Даже газеты вынуждены были отметить «драматическую силу и красноречие обвиняемых, сумевших всецело завладеть вниманием суда». Судья Бернсайд огласил приговор: обвиняемые были признаны виновными, и суд утвердил решение присяжных. Но, заявил судья, он считает себя вправе высказать свое мнение об обстоятельствах дела. Обвиняемые люди вполне достойные, сказал судья, он не слышал ни одного показания, которое доказывало бы обратное… Им предъявлено обвинение в распространении литературы, за которую они в сущности не могут нести ответственность и содержание которой, как он полагает, они сами бы, по здравом размышлении, осудили.

Динни считал, что в словах судьи есть доля правды. Обвиняемых выпустили на свободу, предупредив, что они должны вести себя смирно, не нарушать порядка и подчиняться законам страны.

Еще до второго референдума Салли убедилась, что Том и Динни были правы. Доводы, которые они приводили, выступая против воинской повинности, подкреплялись всем ходом событий.

Она прочла книгу, разоблачающую махинации с военными займами в интересах финансовых концернов, она читала «Нейшн» и другие запрещенные издания, которые распространяли Эйли и Том. Почему эти газеты и книги запрещены? – спрашивала себя Салли.
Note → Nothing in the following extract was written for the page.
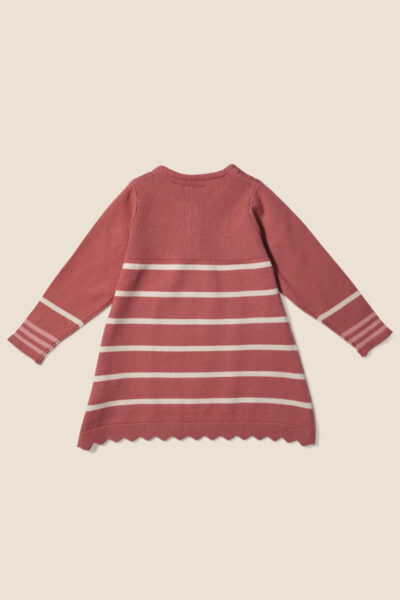 Robe bébé fille en maille, rayures et boutons, Ghada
Ее возмущало, что ей не дозволено читать книги, которые так живо волнуют ее. Если те или иные факты недостоверны или ложны, их можно опровергнуть, а если это правда, – народ должен знать ее. Она, как и множество женщин, чувствовала, что на карту поставлена жизнь их сыновей и мужей, будущее их детей. Кто дал право правительству запрещать взрослым мужчинам и женщинам читать статьи, критикующие методы ведения войны, и слушать чьи бы то ни было высказывания о причинах ее возникновения? Ведь это просто оскорбительно!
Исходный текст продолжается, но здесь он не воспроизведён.